R: En plein ça. Et sais-tu quoi? Si on vient ici tôt le matin sans le dire à personne, qu'on se cache dans les herbes, et qu'on attend, on n'aura qu'à la cueillir comme on cueille une fraise! (conclusion pratique, complot pour améliorer leur condition)

G: Pas bête ça! C'est pour ça que tu m'as amené ici ce matin? Pourquoi c'est toujours toi qui a ces idées là! (accepte d'être parti du complot, et se soumet à Robert)

R: Parce que je suis le plus INTELLIGENT! Maintenant, tais-toi et guettes! (affirme sa position supérieure, met fin au dialogue)

La plus grande partie du dialogue est un échange dynamique de transmission de "solution d'un problème". Quelques phrases sont des expressions d'émotions. La fin du dialogue est une interaction sociale. Il me semble que la résolution de problème est une activité cognitive intrinsèquement solitaire, mais le langage permet de communiquer le résultat. Cette utilisation du langage est a-émotive. Mais pourquoi transmettre les connaissances? Si la connaissance nous donne un avantage, on ne la transmettra qu'à quelqu'un du groupe, ou encore mieux à un parent (enfant?). Les chimpanzés apprennent déjà à leurs petits comment ouvrir des noix avec une pierre et une enclume.

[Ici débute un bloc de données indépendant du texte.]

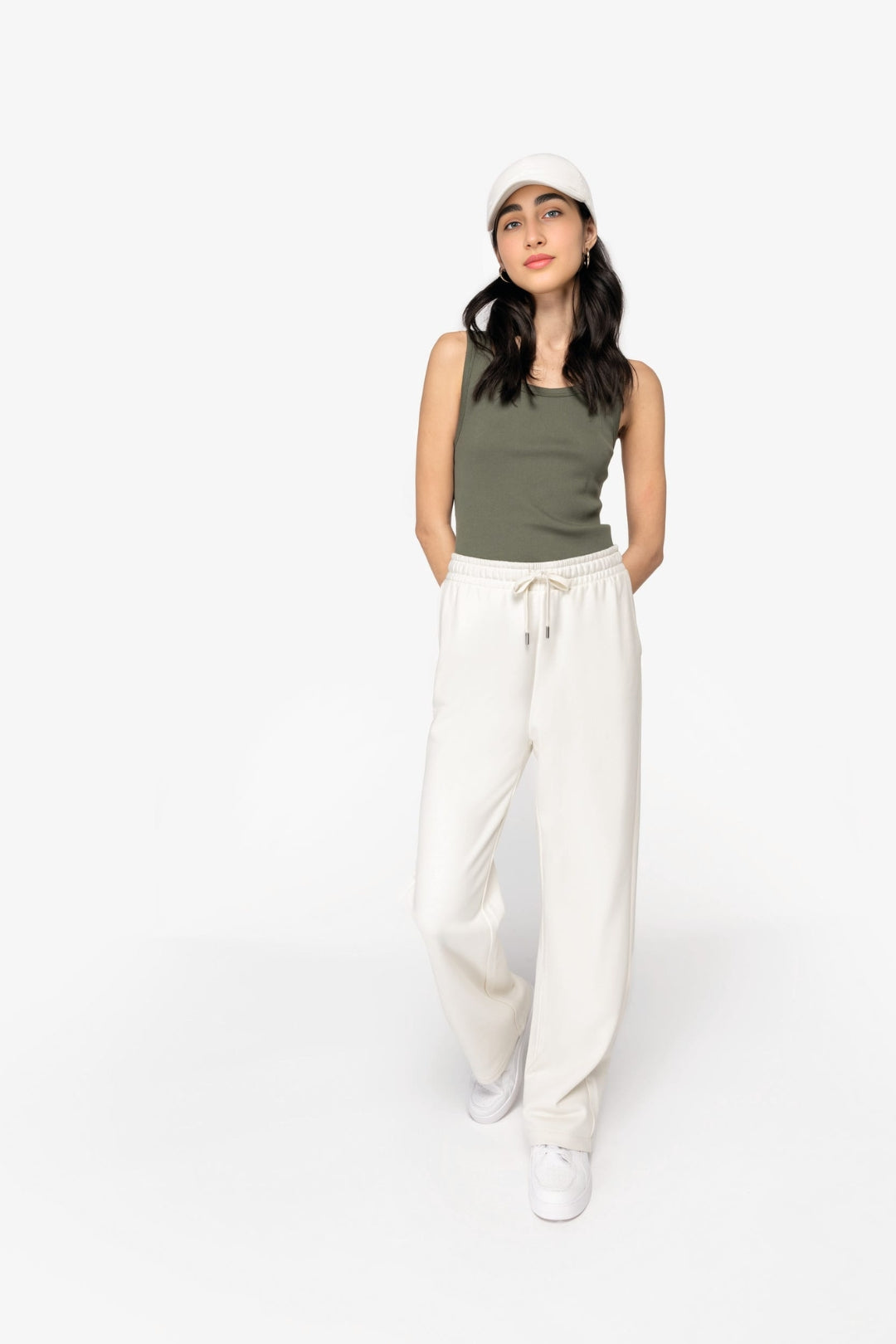 Pantalón recto cómodo algodón orgánico - Marfil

De nos jours, la connaissance est également protégée et sa transmission hors du groupe est restreinte (on n'a qu'à penser qu'aux secrets de fabrication, aux brevets etc.).

Mon idée avec ce dialogue était d'illustrer comment un mode de dialogue peut avoir une fonction précise, et que la fonction définit la forme. J'ai choisi le mode "transmission de la solution à un problème" car il fait très peu appel à l'interaction socio-émotionnelle. C'est plutôt un jeu dynamique d'échange de connaissance utile à la survie. Ce type d'échange de connaissance est, selon moi, à la base de toute notre culture technique. J'aime l'idée d'analyser chaque répartie pour comprendre sa fonction. J'ai réalisé en l'écrivant qu'on ne peut avoir un dialogue "pur". D'autres modes de dialogue apparaissent, comme l'expression spontanée d'émotions, ou l'interaction sociale re-définissant la hiérarchie des intervenants.